ALEY, Lebanon: With approximately 5,000 Syrian refugee families now in the area, Aley’s villagers have grown uneasy – so uneasy that municipally enforced curfews on Syrian citizens have in some places been deemed insufficient to ensure security, and townspeople are forming their own patrols. “Some of the people from the region have formed night watches,” a storeowner in the village of Qabr-Shmoun told The Daily Star. “They have a center point in Qabr Shmoun where they meet. They drive around and when they find someone [a Syrian], if he is going to see someone and they know him, it’s fine. But if they don’t know what he’s doing then it’s not OK.”
Asked what happens if it’s “not OK,” the storeowner, who declined to give his name, said: “If they don’t know where he’s going, they beat him up.”
Claiming that he himself is not a participant in the night watch, the storeowner acknowledged that those who patrol, most aged between 20 and 35, carry pistols.
The storeowner also added that although the Progressive Social Party – the dominant political party in the region – has not officially sanctioned the night watches, most of those participating are members. Some, he alleges, are concerned with the community’s safety; others “just enjoy being there ... they just want to find someone and beat him up.”
A resident of another village in the region, who wanted neither his name nor his hometown mentioned in the media, told The Daily Star that a curfew has been in place there for three or four months now – since the time “a great amount of refugees came to the village.”
“We as young people in our villages are trying to implement this [curfew] because there has been more theft, more problems since the Syrians came,” he said, explaining that after dark he and his fellow residents, a “not very organized” group of “50 or 60,” drive around in their cars. When they encounter a Syrian, they either call the police or tell him to go home, although, he added, “sometimes teenagers hit the Syrian.”
Despite the fact that caretaker Interior Minister Marwan Charbel has previously told the media that local municipalities do not have the legal right to pass resolutions that infringe on the authority of the Internal Security Forces, Rawad Shemsedeen, a council member of Benih municipality in Aley, confirmed to The Daily Star Sunday that a curfew from 9 p.m. to 6 a.m. has been imposed by his and other municipalities in the area.
He described it as applying “mostly to Syrians.”
Questioned about its legality, Shemsedeen said: “I don’t know. The municipality always takes security measures, of course they work in coordination with the Interior Ministry, but if the ministry rejected [the curfew] the municipalities should adhere.”
But unlike the Baabda town of Betshai-Mardasheh, which made headlines in February when photographs of its banners announcing a curfew for “foreigners” were disseminated across social media, the villages surrounding Aley have little signage publicizing restrictions on Syrians’ movement.

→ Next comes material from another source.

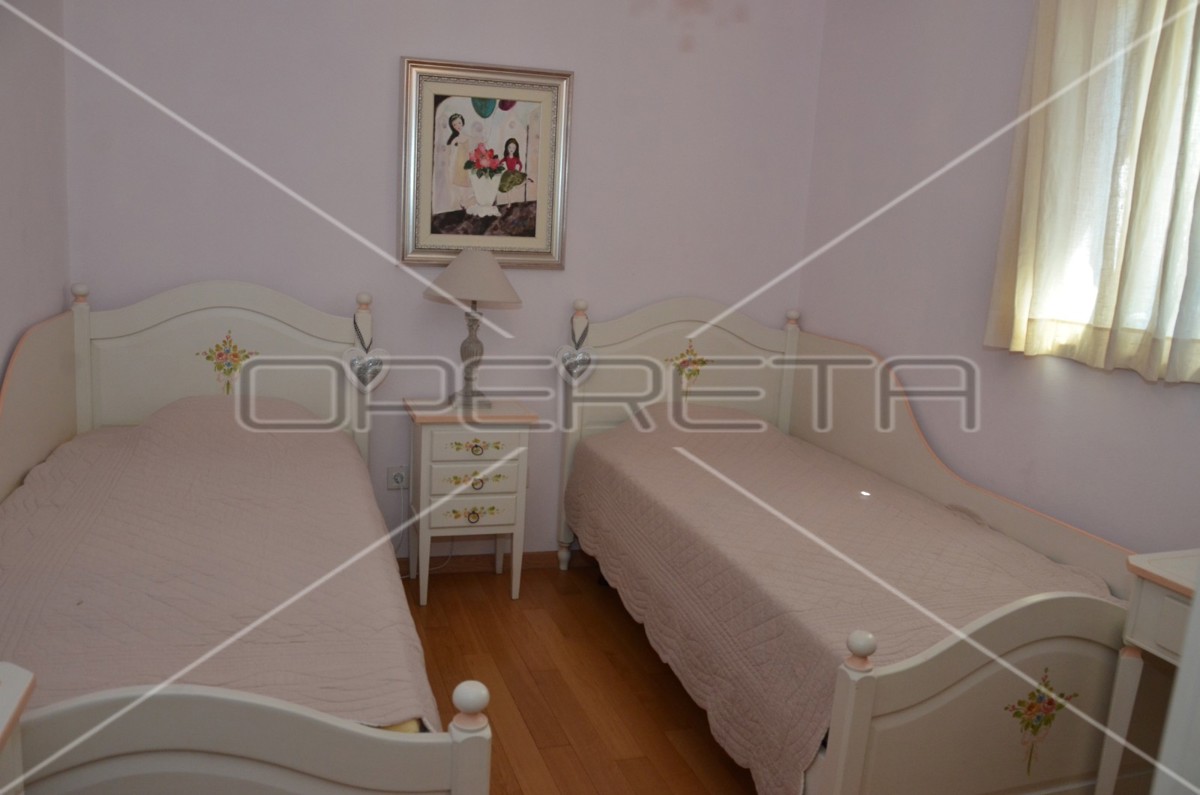 Vendita, Casa, Novalja-centar, Poljski put , Indipendente, 197m2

The Daily Star saw only one such notice, printed on an A4 sheet of paper and posted on a refrigerator door in a small convenience store in Abey. It specifies that the curfew applies to “all Syrian citizens” between the hours of 9 p.m. and 6 a.m. It is clearly stamped by the local municipality.
Yet, several locals The Daily Star spoke to differentiatedbetween Syrian workers and Syrian refugees, saying the curfew was aimed at the former and describing them as troublemakers and responsible for thefts in the area.
While there are currently more than 400,000 Syrian refugees registered with the U.N. High Commissioner for Refugees in Lebanon, it is estimated that there are between 400,000 and 600,000 Syrian laborers in the country.
Few of the refugees in the Aley region are registered with the U.N.; most receive aid from the Aley Relief Committee, a body made up of representatives of the city’s municipality and non-governmental organizations.
Taking a break from packing boxes of food aid, Nadim Shehayeb, a member of the committee, says that within the city a curfew is only imposed in the Ain Hala area “because it is very special for the Druze.” He estimates 60 Syrian families live in the area.
“We did this because there are hundreds and hundreds of Syrian workers and these workers are troublemakers,” Shehayeb explained.
Asked what kind of trouble they make, Shehayeb answered: “Stealing, all kinds of things they do.”
The storeowner in Qaber Shmoun likewise identifies such theft as a problem: “I caught two Syrian workers stealing from my shop,” he said.
Again, in Benih, an elderly man said “theft” was the main motivation for the curfew.
Yet when contacted, an ISF source reported that there had been “nothing abnormal” in Aley or around Aley in terms of crime of late. “There have been many rumors in Lebanon about the Syrians and in some areas there is a small increase [in crime] but not in Aley,” the source told The Daily Star.
Some residents, however, have other complaints.
In Abey a pair of women, sipping from a shared cup of maté, complained about Syrians drinking, riding loud motorcycles late at night and being impolite. When questioned about the issue of theft, one of the women said: “Even before there were a lot of Syrians here there were a lot of thefts going on ... so now it might have been one of us but the Syrians are being blamed.”
Shemsedeen, the municipal council member, also does not mention theft among the reasons for the curfew.
It has been put in place “so there won’t be any problems,” he said, elaborating: “If they [Syrians] go out at night, they get drunk, someone says something to someone else and there’s a fight, so we put the curfew in place so that everyone stays home and there are no problems.”
Shemsedeen said that fights and problems are more likely to happen with “outsiders” or “another village” because “there are the deep social ties between the people here.”
He added that the police deal with curfew breakers by giving them an initial warning, and if there are more violations, by punishing them. He did not specify the form such punishment would take.
But back in Abey, the maté sippers lament that the curfew is not being enforced. “It started two months ago, and now we feel that no one is abiding by it anymore ... They are out at 11 and 12 p.m.,” one said.
According to the women, in Abey there is as yet no night watch, but the foundation of one might not be far off.